Mme Francine Lalonde: Mais il faut que vous soigniez l'université.

M. Robert Giroux: Vous avez raison.

La présidente: Merci.

M. Robert Giroux: Merci.

[Traduction]

La présidente: Je vous remercie, madame Lalonde.

Nous nous rapprochons de l'heure prévue pour la fin de nos travaux, soit 11 heures, mais il nous reste quelques questions, si vous pouvez rester avec nous un peu plus longtemps. Je vais demander à mes collègues, maintenant que la fin de la séance est en vue, d'abréger leurs questions dans la mesure du possible.

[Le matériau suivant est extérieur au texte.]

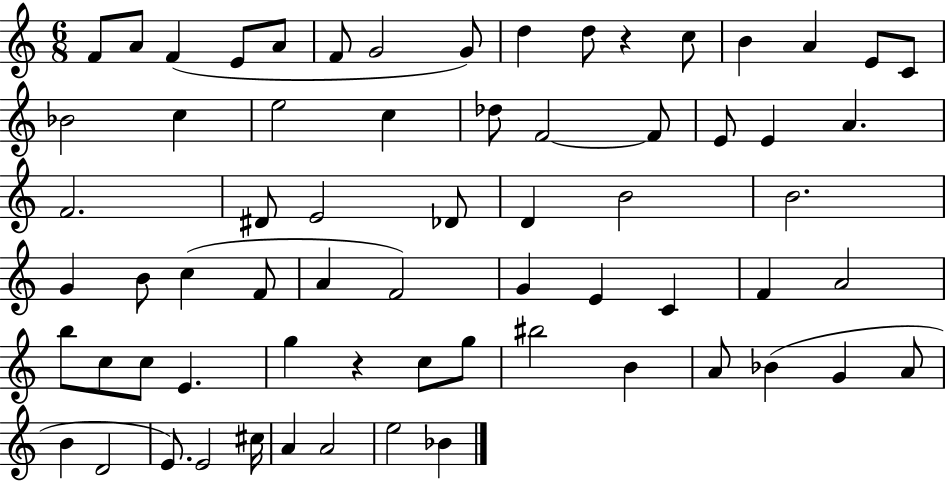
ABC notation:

X:1
T:Untitled
M:6/8
L:1/4
K:C
F/2 A/2 F E/2 A/2 F/2 G2 G/2 d d/2 z c/2 B A E/2 C/2 _B2 c e2 c _d/2 F2 F/2 E/2 E A F2 ^D/2 E2 _D/2 D B2 B2 G B/2 c F/2 A F2 G E C F A2 b/2 c/2 c/2 E g z c/2 g/2 ^b2 B A/2 _B G A/2 B D2 E/2 E2 ^c/4 A A2 e2 _B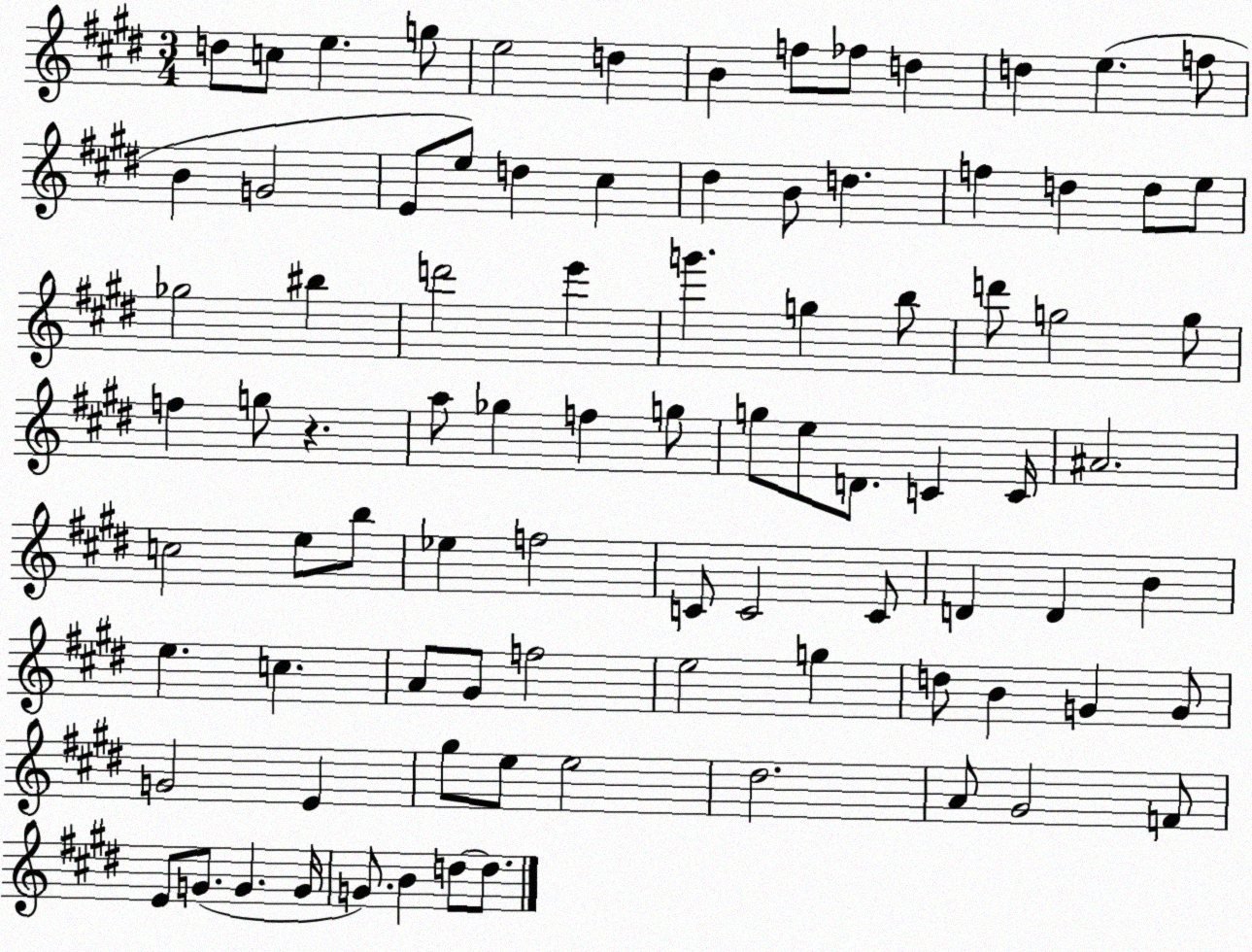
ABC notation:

X:1
T:Untitled
M:3/4
L:1/4
K:E
d/2 c/2 e g/2 e2 d B f/2 _f/2 d d e f/2 B G2 E/2 e/2 d ^c ^d B/2 d f d d/2 e/2 _g2 ^b d'2 e' g' g b/2 d'/2 g2 g/2 f g/2 z a/2 _g f g/2 g/2 e/2 D/2 C C/4 ^A2 c2 e/2 b/2 _e f2 C/2 C2 C/2 D D B e c A/2 ^G/2 f2 e2 g d/2 B G G/2 G2 E ^g/2 e/2 e2 ^d2 A/2 ^G2 F/2 E/2 G/2 G G/4 G/2 B d/2 d/2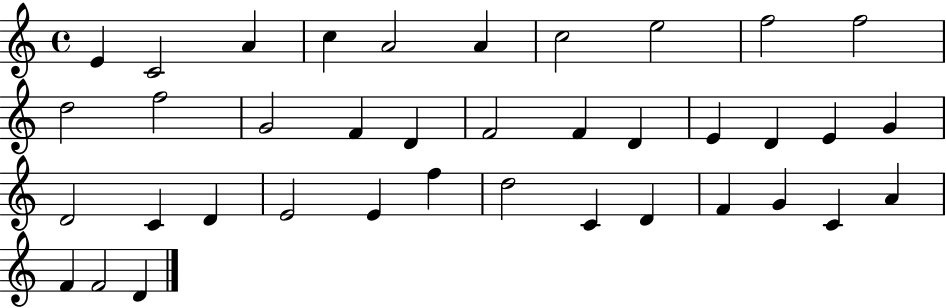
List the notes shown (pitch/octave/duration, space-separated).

E4/q C4/h A4/q C5/q A4/h A4/q C5/h E5/h F5/h F5/h D5/h F5/h G4/h F4/q D4/q F4/h F4/q D4/q E4/q D4/q E4/q G4/q D4/h C4/q D4/q E4/h E4/q F5/q D5/h C4/q D4/q F4/q G4/q C4/q A4/q F4/q F4/h D4/q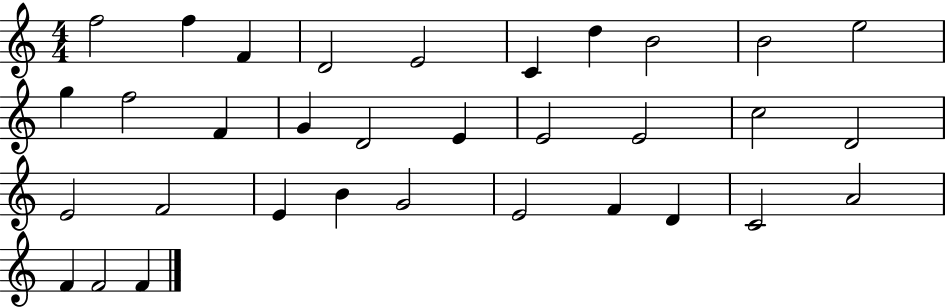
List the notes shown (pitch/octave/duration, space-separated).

F5/h F5/q F4/q D4/h E4/h C4/q D5/q B4/h B4/h E5/h G5/q F5/h F4/q G4/q D4/h E4/q E4/h E4/h C5/h D4/h E4/h F4/h E4/q B4/q G4/h E4/h F4/q D4/q C4/h A4/h F4/q F4/h F4/q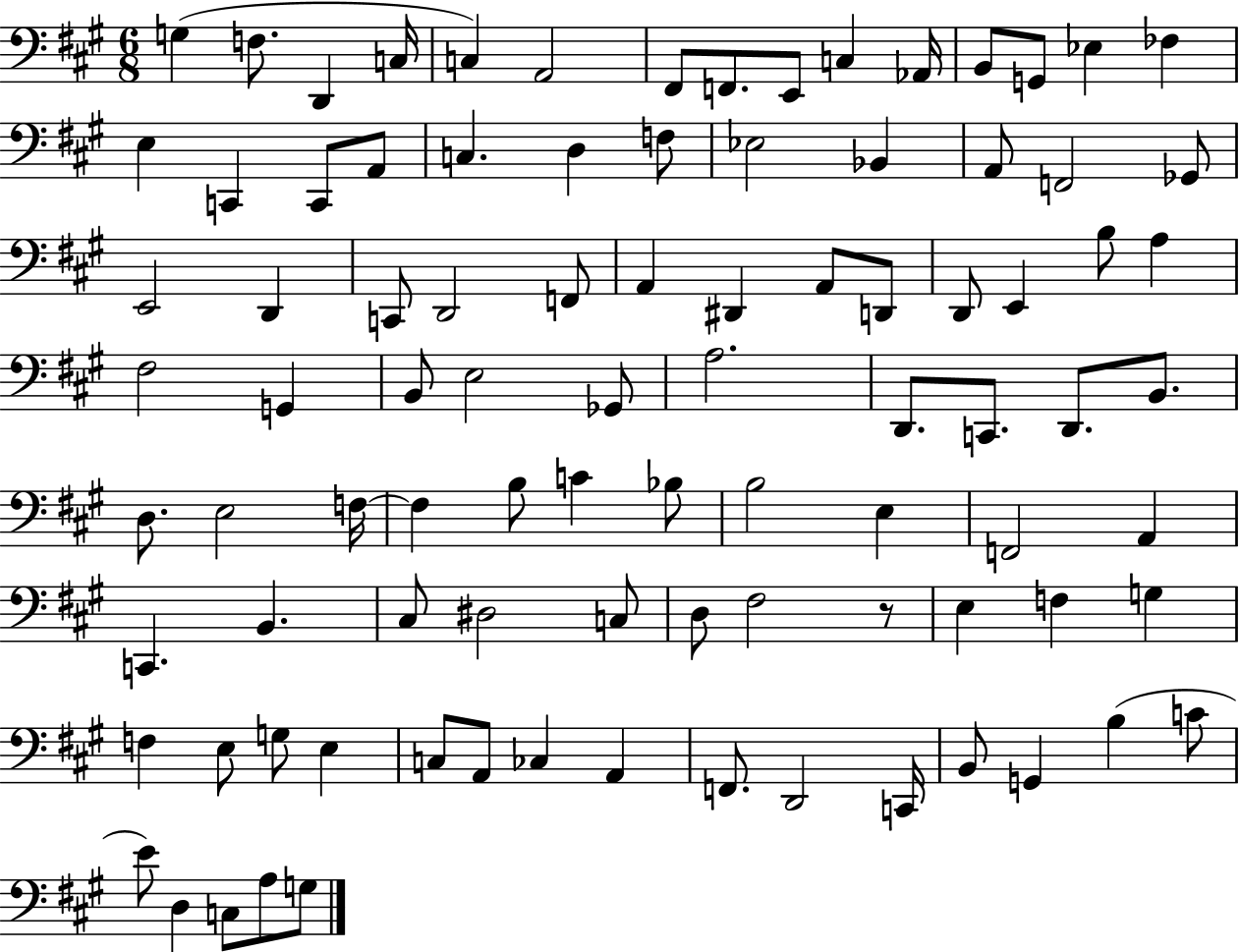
{
  \clef bass
  \numericTimeSignature
  \time 6/8
  \key a \major
  g4( f8. d,4 c16 | c4) a,2 | fis,8 f,8. e,8 c4 aes,16 | b,8 g,8 ees4 fes4 | \break e4 c,4 c,8 a,8 | c4. d4 f8 | ees2 bes,4 | a,8 f,2 ges,8 | \break e,2 d,4 | c,8 d,2 f,8 | a,4 dis,4 a,8 d,8 | d,8 e,4 b8 a4 | \break fis2 g,4 | b,8 e2 ges,8 | a2. | d,8. c,8. d,8. b,8. | \break d8. e2 f16~~ | f4 b8 c'4 bes8 | b2 e4 | f,2 a,4 | \break c,4. b,4. | cis8 dis2 c8 | d8 fis2 r8 | e4 f4 g4 | \break f4 e8 g8 e4 | c8 a,8 ces4 a,4 | f,8. d,2 c,16 | b,8 g,4 b4( c'8 | \break e'8) d4 c8 a8 g8 | \bar "|."
}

Monsieur Ianno, vous avez la parole.

M. Tony Ianno: Je constate avec intérêt, madame Lalonde, que vous ne parliez pas seulement des universités. Je ne sais pas si vous connaissez la Fondation canadienne pour l'innovation, mais elle englobe également le secteur privé ainsi que d'autres niveaux de gouvernement. C'est donc toute la société qu'il faut mobiliser pour que l'innovation n'en reste pas au stade de l'adaptation, mais soit à la pointe du progrès.

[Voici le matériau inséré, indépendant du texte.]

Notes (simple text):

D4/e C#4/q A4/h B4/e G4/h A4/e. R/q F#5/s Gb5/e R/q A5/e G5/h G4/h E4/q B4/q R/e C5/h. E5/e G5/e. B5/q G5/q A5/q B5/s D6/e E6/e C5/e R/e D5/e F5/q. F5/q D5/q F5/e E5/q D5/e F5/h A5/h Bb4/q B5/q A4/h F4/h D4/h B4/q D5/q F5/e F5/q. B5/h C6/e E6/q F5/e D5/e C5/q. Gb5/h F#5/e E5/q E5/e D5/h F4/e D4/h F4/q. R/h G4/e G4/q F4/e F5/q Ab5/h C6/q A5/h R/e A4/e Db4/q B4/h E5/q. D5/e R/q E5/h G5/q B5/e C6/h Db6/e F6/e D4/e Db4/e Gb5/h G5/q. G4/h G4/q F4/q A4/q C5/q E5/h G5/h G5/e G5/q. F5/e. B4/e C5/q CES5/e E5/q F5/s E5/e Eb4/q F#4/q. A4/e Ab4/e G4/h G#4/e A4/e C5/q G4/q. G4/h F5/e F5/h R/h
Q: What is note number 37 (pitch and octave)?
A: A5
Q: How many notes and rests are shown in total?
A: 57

Avec nos nombreux établissements d'enseignement supérieur nous espérons pouvoir donner beaucoup à la société; c'est pourquoi nous avons consenti, et continuerons à le faire, des investissements très lourds.

J'ajouterais que, comme vous le savez, je suis tout en faveur d'une éducation nationale, et je voudrais voir reprendre cette responsabilité aux gouvernements provinciaux, en raison de l'importance de l'éducation pour l'emploi et pour l'avenir.

C'est là ma question, monsieur Giroux: vous disiez que dans les universités et collèges il y a un groupe qui s'adapte aux besoins du secteur privé.

• 1100

Nous savons tous combien il est difficile de prévoir l'avenir, et donc de viser juste, mais il n'en existe pas moins un grand besoin de savants et d'ingénieurs, entre autres.

Que font vos universités pour s'adapter, étant donné qu'il y a probablement beaucoup de demandes d'admissions, mais pas suffisamment de places dans les départements de génie? En effet, c'est probablement le secteur où il est le plus nécessaire de préparer des spécialistes en prévision de la situation dans dix ans. Qu'est-ce que nous faisons pour nous adapter à cette situation—M. Lastewka a parlé des besoins considérables du secteur privé—pour permettre plus de recherche dans le secteur privé en collaboration avec les universités au lieu de concentrer la recherche uniquement dans les universités?

M. Chad Gaffield: Un exemple me vient tout de suite à l'esprit. À l'Université d'Ottawa, nous venons de mettre en place une école d'informatique et de technologie de l'information. C'est un programme tout à fait nouveau qui a été élaboré en collaboration avec l'industrie de la haute technologie de la vallée de l'Outaouais. Vous avez parfaitement raison: pour l'instant nous ne pouvons pas fournir à la demande, mais nous avons prévu de doubler le nombre des inscriptions chaque année pour les cinq prochaines années.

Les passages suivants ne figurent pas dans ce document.